Adding user to a pre-defined Ranger access policy

When a user attempts to view or modify a NiFi or NiFi Registry resource, the system checks whether this user has privileges to perform that action. These privileges are determined by the Ranger access policies that a user is associated with.

You can determine what the user can command, control, and observe in a NiFi dataflow or in NiFi Registry and accordingly add the user or a group of users to the appropriate pre-defined Ranger access policies.

Each pre-defined Ranger access policy confers specific rights to NiFi or NiFi Registry resources.
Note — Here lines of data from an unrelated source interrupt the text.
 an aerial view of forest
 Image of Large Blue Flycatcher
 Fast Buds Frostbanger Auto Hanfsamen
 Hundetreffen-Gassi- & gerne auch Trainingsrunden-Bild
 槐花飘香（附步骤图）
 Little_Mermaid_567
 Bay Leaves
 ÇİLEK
For more information, see:
  • Pre-defined Ranger access policies for NiFi resources
  • Pre-defined Ranger access policies for NiFi Registry resources
Ensure that you meet the following prerequisites:
  • You have installed NiFi and NiFi Registry.
  • You have determined the permission level for each user.
  1. From the Base cluster, select Ranger from the list of services. Click Ranger Admin Web UI and log into Ranger.

    The Ranger Service Manager page displays.

    Each cluster in the environment is listed under its respective service. For example, the NiFi clusters in the environment are listed under NiFi.

  2. Select a cluster from either the NiFi or NiFi Registry section.
    The List of Policies page appears.

  3. Click the ID for a policy.
    The Edit Policy page appears.
  4. In the Allow Conditions section, add the user or the user group to the Select User field.
  5. Click Save.
The user now has the NiFi and NiFi Registry rights according to the policies you added the user or user group to. These rights are inherited down the hierarchy unless there is a more specific policy on a component.